Using the data below, output a verbatim copy of the lines between the one holding "Photos of 2022" and the one holding "23.09.2026, Fussball, Training", inclusive, without any pictures.

### [Data provided]
BEGIN
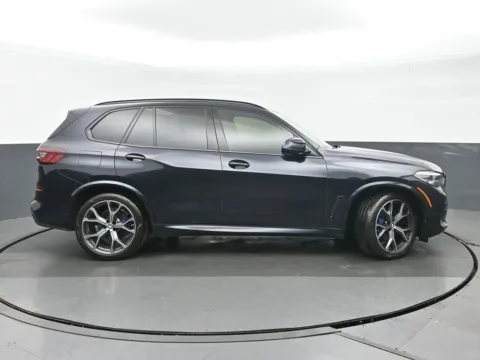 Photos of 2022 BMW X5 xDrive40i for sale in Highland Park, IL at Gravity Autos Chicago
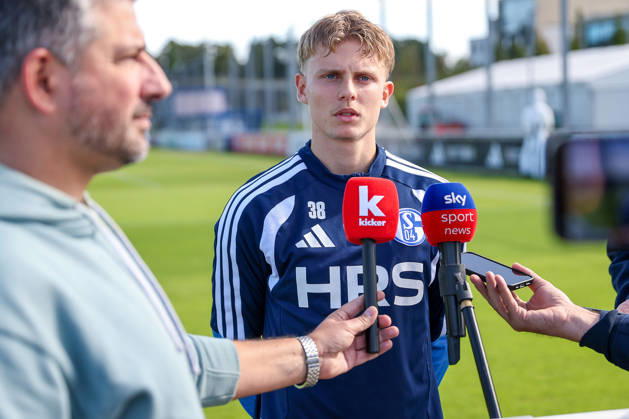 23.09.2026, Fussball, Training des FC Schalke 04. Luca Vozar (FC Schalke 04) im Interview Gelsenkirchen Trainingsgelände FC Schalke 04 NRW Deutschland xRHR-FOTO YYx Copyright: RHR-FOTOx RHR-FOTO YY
END
BEGIN
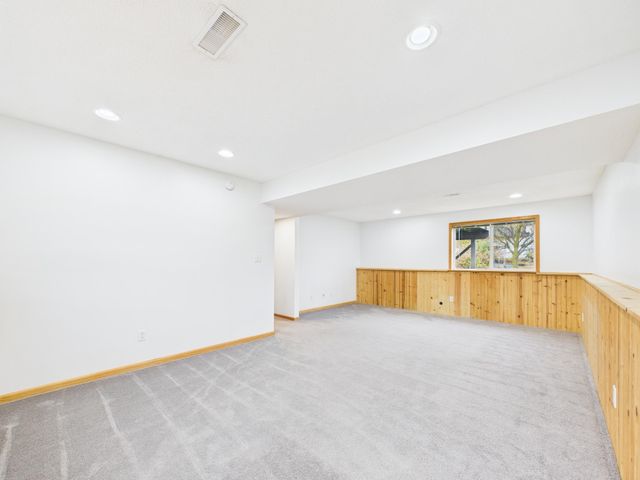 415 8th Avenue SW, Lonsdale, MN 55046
END
BEGIN
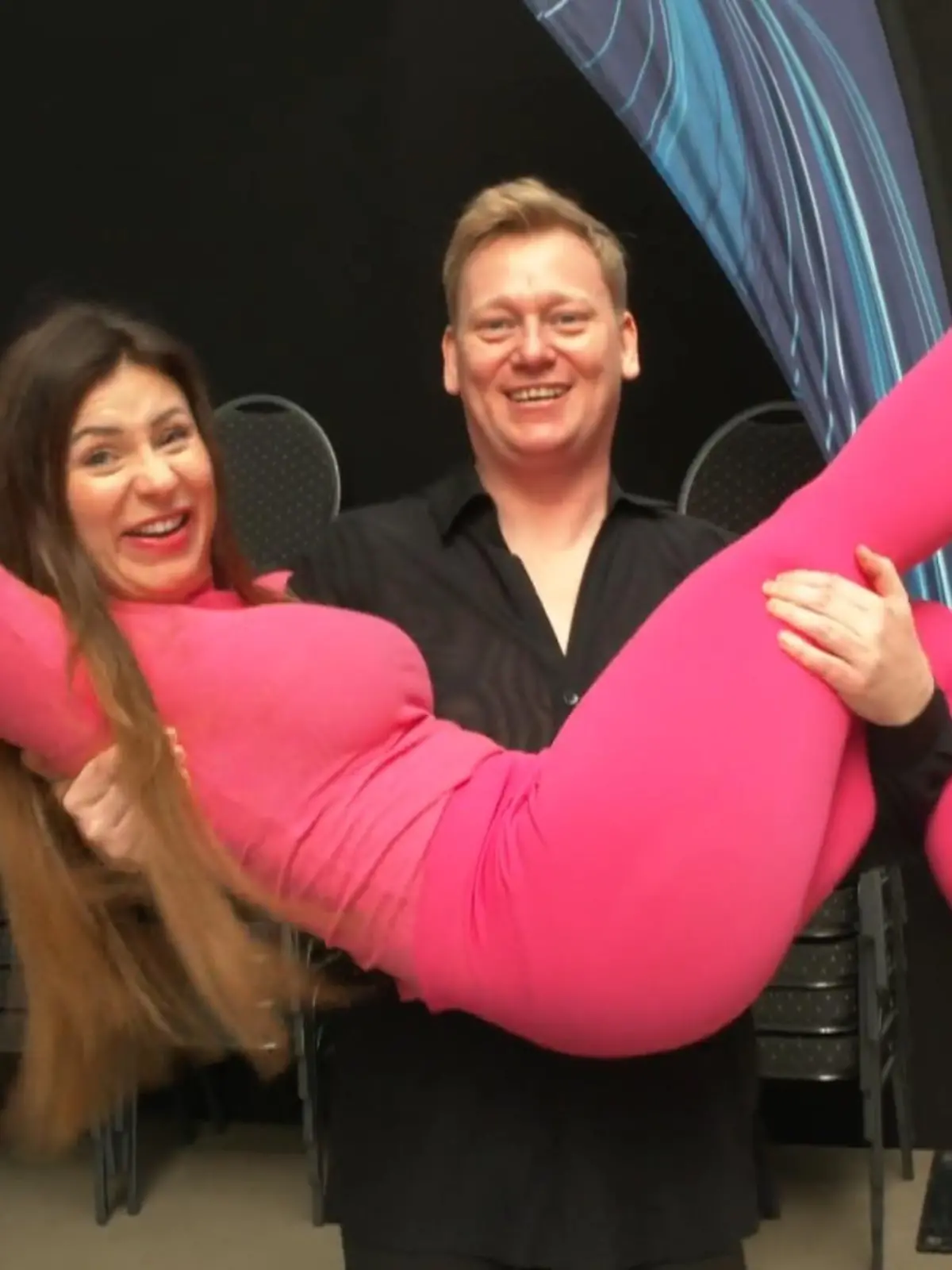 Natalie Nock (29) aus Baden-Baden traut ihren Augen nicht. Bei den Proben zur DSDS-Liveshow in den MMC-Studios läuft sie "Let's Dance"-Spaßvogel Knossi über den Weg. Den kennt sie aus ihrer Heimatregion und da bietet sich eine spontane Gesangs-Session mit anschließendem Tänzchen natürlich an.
END
### [Output of the exercise]
 Photos of 2022 BMW X5 xDrive40i for sale in Highland Park, IL at Gravity Autos Chicago
 23.09.2026, Fussball, Training des FC Schalke 04. Luca Vozar (FC Schalke 04) im Interview Gelsenkirchen Trainingsgelände FC Schalke 04 NRW Deutschland xRHR-FOTO YYx Copyright: RHR-FOTOx RHR-FOTO YY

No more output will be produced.